The first of my text, that is water for the word ‘wash’ doth naturally imply water since we cannot wash without water: but we may have water and yet be so slovenly that we seldom wash at all. But this word wash in my text doth signify our rebaptising of our children wherein the action is to wash and not to sprinkle them with a little idolatrous water out of a font or basin; but to pour water on their heads,  nay! to dip them in water over head and ears (3) for such dipping will fetch the faultness of sin out of their natures (4) and then follows the consequences of this action. Wash and be clean!
But first I will describe to you the several sorts of washers,  then speak particularly of washing and after washing I may very well conclude with, ‘be clean’.
There are as many sorts of washers as there are contaminated people; heartless people and foolish people.

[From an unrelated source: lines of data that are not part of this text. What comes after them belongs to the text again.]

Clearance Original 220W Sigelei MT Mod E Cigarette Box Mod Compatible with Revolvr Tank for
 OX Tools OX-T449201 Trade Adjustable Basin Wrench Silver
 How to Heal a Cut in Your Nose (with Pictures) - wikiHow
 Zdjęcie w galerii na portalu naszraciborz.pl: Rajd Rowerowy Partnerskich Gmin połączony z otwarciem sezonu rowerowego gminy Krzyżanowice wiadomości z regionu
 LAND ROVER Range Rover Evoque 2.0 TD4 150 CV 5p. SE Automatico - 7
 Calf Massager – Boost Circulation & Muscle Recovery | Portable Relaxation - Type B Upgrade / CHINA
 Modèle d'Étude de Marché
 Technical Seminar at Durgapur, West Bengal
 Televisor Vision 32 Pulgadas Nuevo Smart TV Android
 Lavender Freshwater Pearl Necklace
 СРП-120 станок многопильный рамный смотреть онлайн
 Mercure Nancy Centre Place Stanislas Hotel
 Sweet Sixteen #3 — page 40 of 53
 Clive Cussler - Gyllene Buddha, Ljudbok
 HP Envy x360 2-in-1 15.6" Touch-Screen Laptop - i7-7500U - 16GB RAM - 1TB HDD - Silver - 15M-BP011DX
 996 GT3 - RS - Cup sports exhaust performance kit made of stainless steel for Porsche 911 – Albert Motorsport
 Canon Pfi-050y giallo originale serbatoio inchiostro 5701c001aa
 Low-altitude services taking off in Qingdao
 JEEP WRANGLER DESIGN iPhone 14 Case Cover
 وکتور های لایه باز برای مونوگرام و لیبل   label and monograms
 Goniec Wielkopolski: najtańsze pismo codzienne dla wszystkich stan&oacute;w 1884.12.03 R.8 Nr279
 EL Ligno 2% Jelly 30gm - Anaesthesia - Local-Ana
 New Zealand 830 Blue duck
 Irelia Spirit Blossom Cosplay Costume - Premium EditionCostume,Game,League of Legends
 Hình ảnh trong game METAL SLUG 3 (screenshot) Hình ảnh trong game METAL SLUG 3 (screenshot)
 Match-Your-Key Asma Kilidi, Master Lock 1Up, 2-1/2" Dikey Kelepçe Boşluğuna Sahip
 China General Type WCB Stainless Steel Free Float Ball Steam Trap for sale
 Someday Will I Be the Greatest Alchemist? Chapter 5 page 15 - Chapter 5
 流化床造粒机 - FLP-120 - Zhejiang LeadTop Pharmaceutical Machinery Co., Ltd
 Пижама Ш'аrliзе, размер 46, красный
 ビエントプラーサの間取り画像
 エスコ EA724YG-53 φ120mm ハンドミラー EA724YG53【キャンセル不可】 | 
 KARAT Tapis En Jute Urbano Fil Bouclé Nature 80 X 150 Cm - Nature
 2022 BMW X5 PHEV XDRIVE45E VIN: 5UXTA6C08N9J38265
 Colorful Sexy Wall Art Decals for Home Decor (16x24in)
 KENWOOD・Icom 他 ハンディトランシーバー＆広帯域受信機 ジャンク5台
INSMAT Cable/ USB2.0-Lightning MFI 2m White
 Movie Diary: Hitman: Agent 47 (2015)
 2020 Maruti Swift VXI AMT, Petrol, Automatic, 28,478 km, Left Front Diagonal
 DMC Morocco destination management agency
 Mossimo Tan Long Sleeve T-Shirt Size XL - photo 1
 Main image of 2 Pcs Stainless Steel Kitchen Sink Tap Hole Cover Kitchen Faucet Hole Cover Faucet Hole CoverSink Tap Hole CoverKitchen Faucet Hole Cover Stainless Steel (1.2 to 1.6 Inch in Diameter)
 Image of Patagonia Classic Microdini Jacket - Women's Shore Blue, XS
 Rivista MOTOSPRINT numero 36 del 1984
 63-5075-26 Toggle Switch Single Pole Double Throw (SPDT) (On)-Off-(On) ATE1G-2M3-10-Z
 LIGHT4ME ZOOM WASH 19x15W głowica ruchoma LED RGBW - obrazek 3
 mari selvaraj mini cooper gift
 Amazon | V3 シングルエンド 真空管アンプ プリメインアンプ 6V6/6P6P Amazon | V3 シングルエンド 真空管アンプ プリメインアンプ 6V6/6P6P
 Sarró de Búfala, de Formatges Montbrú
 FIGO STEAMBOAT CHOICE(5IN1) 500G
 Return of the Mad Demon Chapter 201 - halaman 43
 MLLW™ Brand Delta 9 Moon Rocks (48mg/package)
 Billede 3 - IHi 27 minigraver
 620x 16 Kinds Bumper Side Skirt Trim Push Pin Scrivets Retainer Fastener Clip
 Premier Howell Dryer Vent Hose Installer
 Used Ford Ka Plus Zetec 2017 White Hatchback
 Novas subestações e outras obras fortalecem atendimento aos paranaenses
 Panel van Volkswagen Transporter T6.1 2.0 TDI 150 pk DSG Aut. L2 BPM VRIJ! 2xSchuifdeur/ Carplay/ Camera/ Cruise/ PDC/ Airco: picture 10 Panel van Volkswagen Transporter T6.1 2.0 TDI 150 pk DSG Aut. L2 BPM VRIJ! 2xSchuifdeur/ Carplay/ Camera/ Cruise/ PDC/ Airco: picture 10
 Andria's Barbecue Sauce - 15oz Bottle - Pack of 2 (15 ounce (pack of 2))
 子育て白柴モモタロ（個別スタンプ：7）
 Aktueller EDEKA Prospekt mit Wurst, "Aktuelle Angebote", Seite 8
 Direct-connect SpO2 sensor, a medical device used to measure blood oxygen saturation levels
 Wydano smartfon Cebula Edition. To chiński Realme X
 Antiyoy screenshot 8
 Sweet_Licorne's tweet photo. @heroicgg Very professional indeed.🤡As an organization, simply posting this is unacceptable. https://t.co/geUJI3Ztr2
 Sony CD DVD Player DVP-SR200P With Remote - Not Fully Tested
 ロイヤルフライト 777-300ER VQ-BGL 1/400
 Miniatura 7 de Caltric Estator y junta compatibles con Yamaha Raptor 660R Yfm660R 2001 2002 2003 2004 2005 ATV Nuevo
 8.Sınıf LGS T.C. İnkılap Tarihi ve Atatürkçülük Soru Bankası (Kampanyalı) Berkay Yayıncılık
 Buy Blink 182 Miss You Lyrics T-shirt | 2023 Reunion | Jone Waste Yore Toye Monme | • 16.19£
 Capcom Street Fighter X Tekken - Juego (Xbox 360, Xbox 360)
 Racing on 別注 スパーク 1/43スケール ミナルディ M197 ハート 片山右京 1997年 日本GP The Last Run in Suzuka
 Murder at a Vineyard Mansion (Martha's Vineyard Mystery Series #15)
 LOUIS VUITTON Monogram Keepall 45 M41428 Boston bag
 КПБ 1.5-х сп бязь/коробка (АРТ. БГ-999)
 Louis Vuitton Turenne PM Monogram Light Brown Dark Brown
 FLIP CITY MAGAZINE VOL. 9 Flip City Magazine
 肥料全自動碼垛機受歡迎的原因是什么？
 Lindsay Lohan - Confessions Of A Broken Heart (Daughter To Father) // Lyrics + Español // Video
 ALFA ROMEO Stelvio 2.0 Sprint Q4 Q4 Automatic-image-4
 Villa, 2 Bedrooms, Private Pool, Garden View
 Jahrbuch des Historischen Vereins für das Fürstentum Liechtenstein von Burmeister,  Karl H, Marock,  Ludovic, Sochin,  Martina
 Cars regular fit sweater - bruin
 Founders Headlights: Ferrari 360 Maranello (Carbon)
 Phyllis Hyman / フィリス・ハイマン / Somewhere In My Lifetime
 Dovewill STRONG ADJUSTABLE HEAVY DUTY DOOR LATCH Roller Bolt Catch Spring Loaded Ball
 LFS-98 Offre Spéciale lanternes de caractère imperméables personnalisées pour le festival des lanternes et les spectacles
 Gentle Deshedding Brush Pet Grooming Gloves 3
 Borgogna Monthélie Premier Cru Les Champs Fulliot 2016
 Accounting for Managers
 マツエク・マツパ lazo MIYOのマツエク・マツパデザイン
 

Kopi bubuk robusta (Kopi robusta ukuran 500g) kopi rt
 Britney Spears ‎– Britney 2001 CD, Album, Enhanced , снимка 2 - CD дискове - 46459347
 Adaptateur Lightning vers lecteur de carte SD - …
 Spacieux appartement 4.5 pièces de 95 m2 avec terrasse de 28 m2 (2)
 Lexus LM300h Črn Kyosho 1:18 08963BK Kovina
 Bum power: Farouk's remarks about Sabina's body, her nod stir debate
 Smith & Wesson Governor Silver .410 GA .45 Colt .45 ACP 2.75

Contaminated people are all the wicked and reprobates whose estates and lands are ours by propriety and right, being God’s children and that it properly belongs to us,  who because they are not so pure as we are,  so holy as we be, they wash themselves to no purpose,  and are like the sign of the Labour in Vain for it is unprofitable to wash them white or clean,  but we that are brethren of the elect, we may wash ourselves in a river,  from the spots of our carnality in every river, (4) as Bow river and Hackney river (1) and other rivers are to us a clean Jordan wherein we may baptize one another as we mean to do today to our dear lost brother. Now your careless sort of washers are such as care not for washing. They think it enough to be washed or rather watered with a little superfluous water at their christening…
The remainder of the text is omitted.